The principle issue regarding the use of these examinations centers on cost.

At a recent American Heart Association meeting, one presentation addressed the ECG as a cost-effective way to screen student-athletes. The recent decline in the cost of laptop ECG machines allowed the authors to study every competitive sports athlete in a suburban high school for less than $3 each after an initial investment of $500 per school.

As technology progresses, sports medicine professionals must constantly re-evaluate the most efficient ways of screening athletes properly.

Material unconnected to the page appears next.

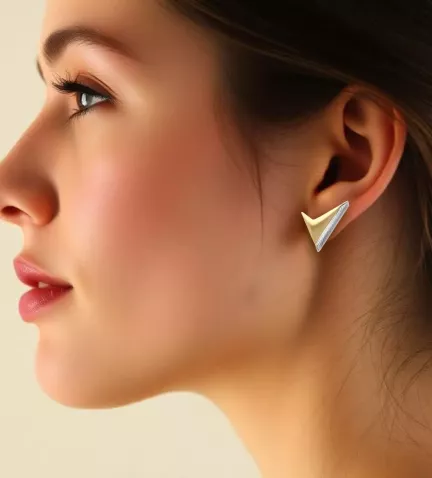 pendientes de oro y acero foto modelo mujer IA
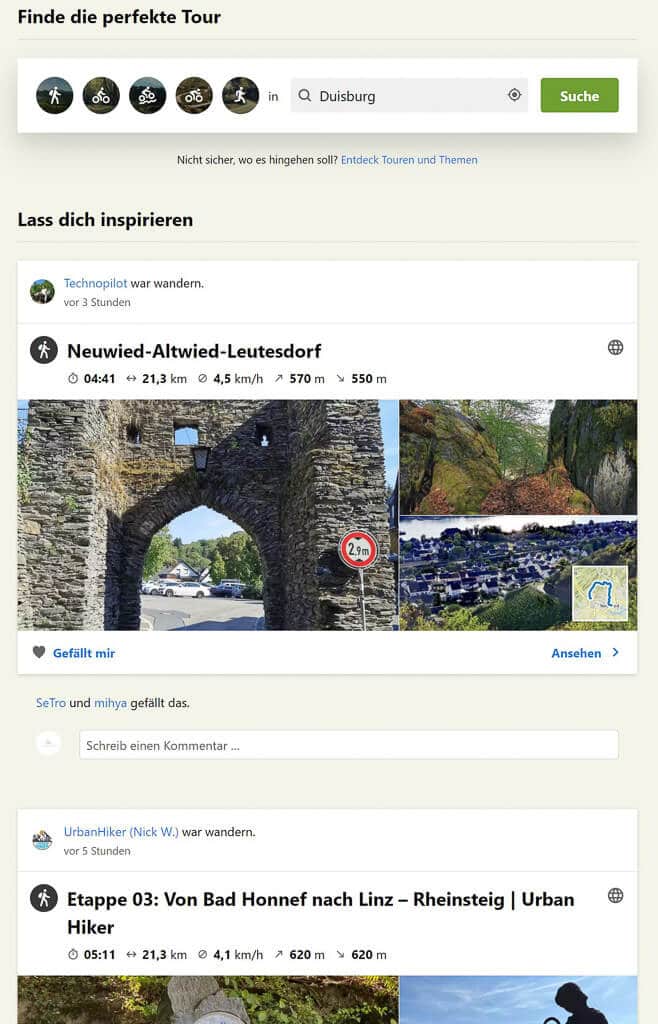 Komoot App Routenplaner Inspirationen durch Touren anderer User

Olympian breaks down barriers for diabetics

Twelve kilometers into the Olympic 30-kilometer cross-country ski event, Kris Freeman literally ran out of gas and collapsed. Freeman, an American hoping to medal in the event, shocked everyone when he was found lying in the snow asking for sugar. He is the first Olympic distance athlete who has type 1 diabetes.

Insulin is a hormone produced by the pancreas. People with type 1 diabetes produce little or no insulin. Insulin allows glucose to move into cells and produce energy.

Distance athletes must be meticulous about balancing energy requirements and extreme physical demands. This challenge is infinitely more difficult for athletes with diabetes.

Technology has made a huge difference in preparing diabetic distance athletes for their quest. The insulin pump is a computerized apparatus that provides a constant infusion of insulin. It is programmed according the expected level of activity.

Dr. Leslie Domalik, Medical Director of The William W. Backus Hospital Diabetes, Endocrinology and Metabolism Center, recalls her experiences at Duke University. She enjoyed the challenge of managing athletes with diabetes.

“In the past, patients would have to regulate their activities based on a fixed insulin dose. We can now alter the insulin based on the patient’s activity level,” she said.

In the case of Freeman, he anticipated a slower pace in the cross-country event and programmed the insulin pump to release more insulin. Unfortunately, the pace was faster and there wasn’t sufficient time to re-program the pump, resulting in a drop in blood sugar and loss of consciousness. A nearby German coach was able to give him some sugar and he eventually completed the race.

Although he didn’t do as well as he would have liked, Kris Freeman’s efforts in long distance sports have successfully broken a previous barrier, and isn’t that what the Olympics are really about?